More than twenty years ago, the first epic fantasy novel featuring FitzChivalry Farseer and his mysterious, often maddening friend the Fool struck like a bolt of brilliant lightning. Now New York Times bestselling author Robin Hobb brings to a momentous close the third trilogy featuring these beloved characters in a novel of unsurpassed artistry that is sure to endure as one of the great masterworks of the genre.

Fitz’s young daughter, Bee, has been kidnapped by the Servants, a secret society whose members not only dream of possible futures but use their prophecies to add to their wealth and influence. Bee plays a crucial part in these dreams—but just what part remains uncertain.

As Bee is dragged by her sadistic captors across half the world, Fitz and the Fool, believing her dead, embark on a mission of revenge that will take them to the distant island where the Servants reside—a place the Fool once called home and later called prison. It was a hell the Fool escaped, maimed and blinded, swearing never to return.

For all his injuries, however, the Fool is not as helpless as he seems. He is a dreamer too, able to shape the future. And though Fitz is no longer the peerless assassin of his youth, he remains a man to be reckoned with—deadly with blades and poison, and adept in Farseer magic. And their goal is simple: to make sure not a single Servant survives their scourge.


REVIEW

First, I’ve been reading this series since not long after it first came out. Fantasy has always been my first and most enduring love. You do have to read the series to understand this book.

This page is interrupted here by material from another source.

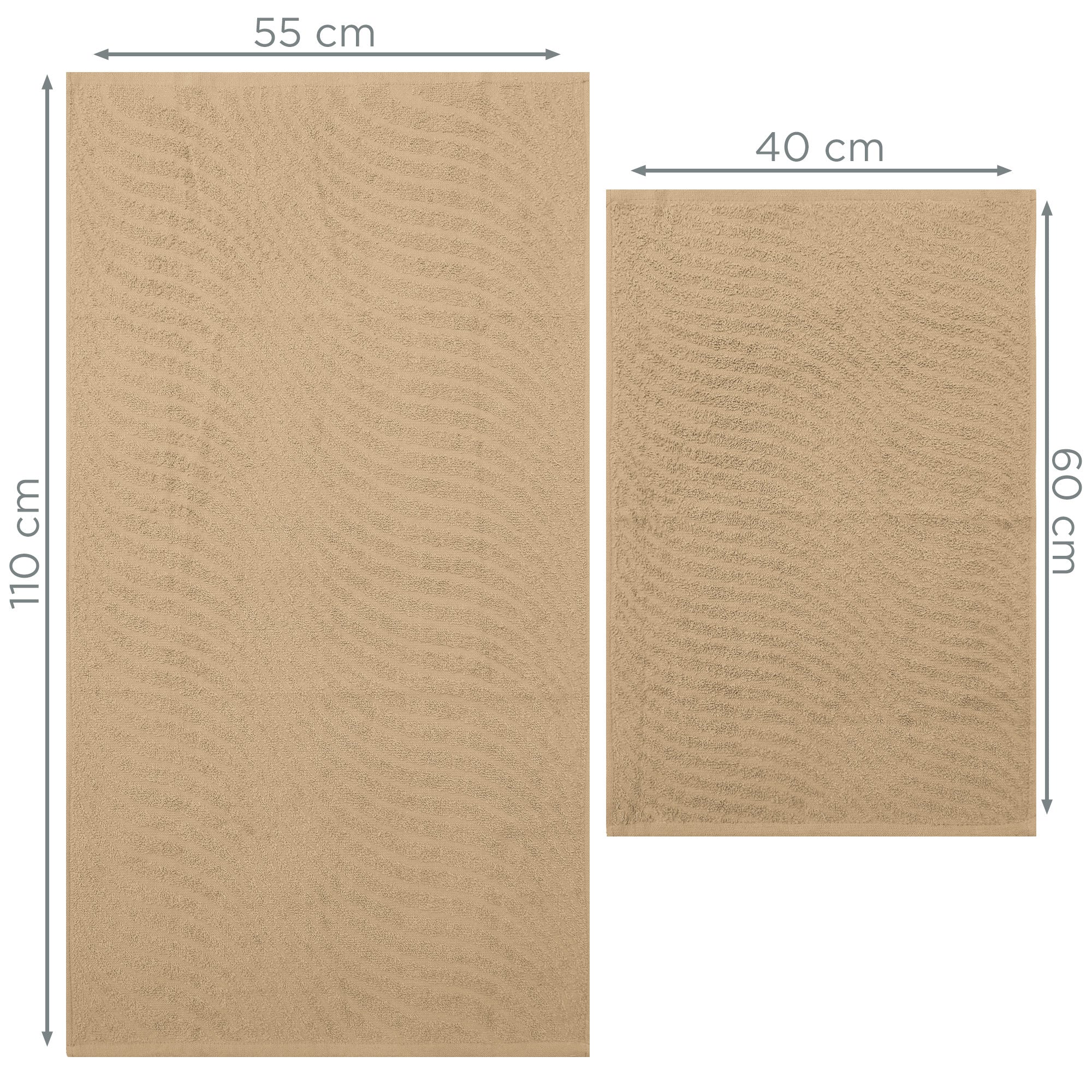 Asciugamani bagno in spugna Jacquard di cotone set 1+1 Viso e Ospite 600gsm 7166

The blurb calls this a stunning conclusion to the series.

It’s right.

Robin Hobb is one of the very few (Less than five now) established authors I still auto-buy. Price of books and my anemic book buying cash and all. But I always buy the books about Fitz.

I bought this one release week and I’ll be completely honest, I had trouble getting into it. Passive voice. It’s my Achilles heel in reading and it will always throw me out of the story. So when I first picked up this story, hoping to escape, it irritated me enough to put it down when I caught several instances of passive voice in the first few pages.

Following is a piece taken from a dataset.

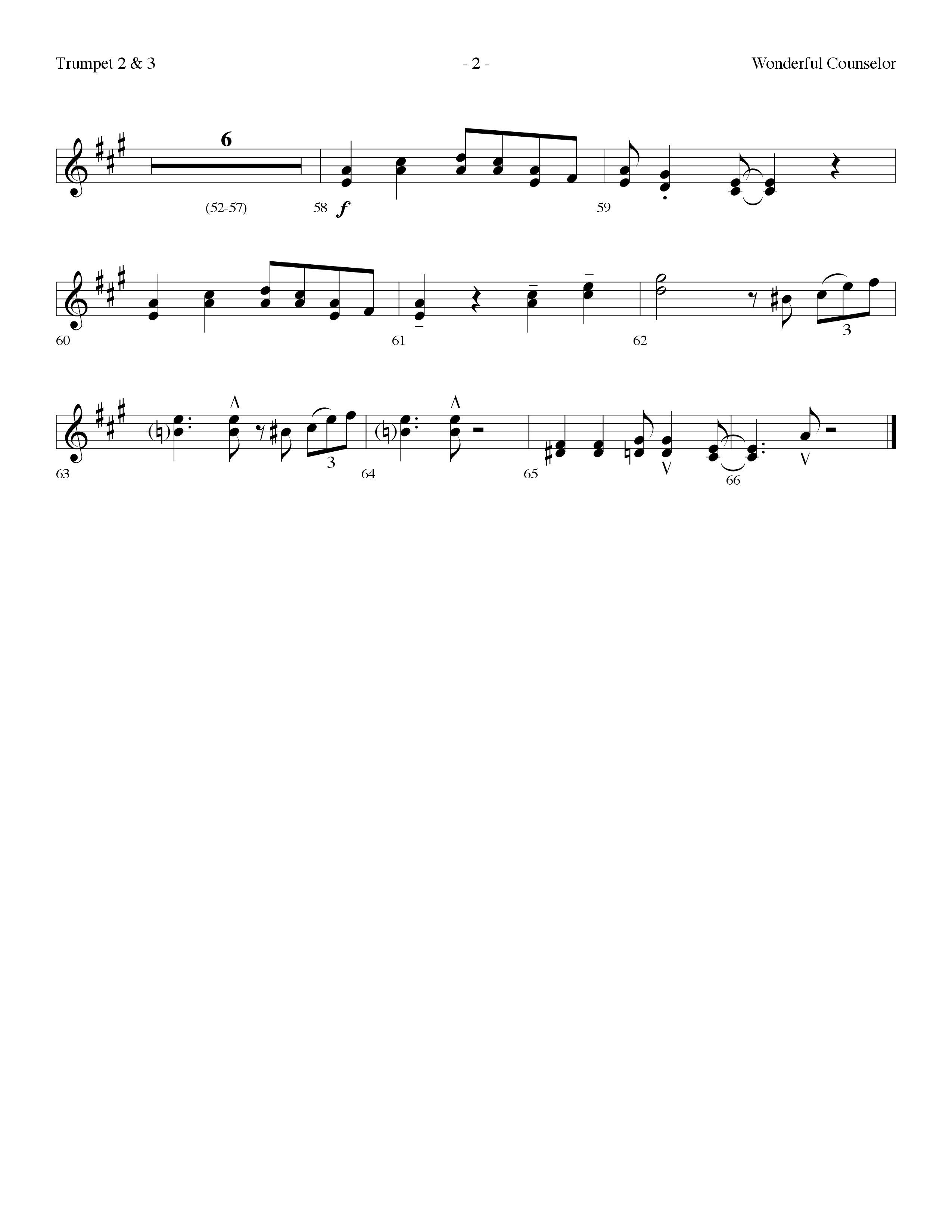 Wonderful Counselor (Choral Anthem SATB) Trumpet 2/3 (Lifeway Choral / Arr. Dennis Allen)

I’m glad I finally got around to picking it back up again.

Man, when it finally grabbed me by the throat it pinned me down and held me almost unable to breathe for an entire weekend.

By that I mean I got NONE of my chores done, my hubs brought me dinner because I kept forgetting to eat and I forgot to make coffee one day because I was SO ENTHRALLED by the story. COFFEE people, I forgot COFFEE!

Now. I read fast, but this book is almost 900 pages long, I started it late at night on Friday and just finished it. A little before midnight on Sunday.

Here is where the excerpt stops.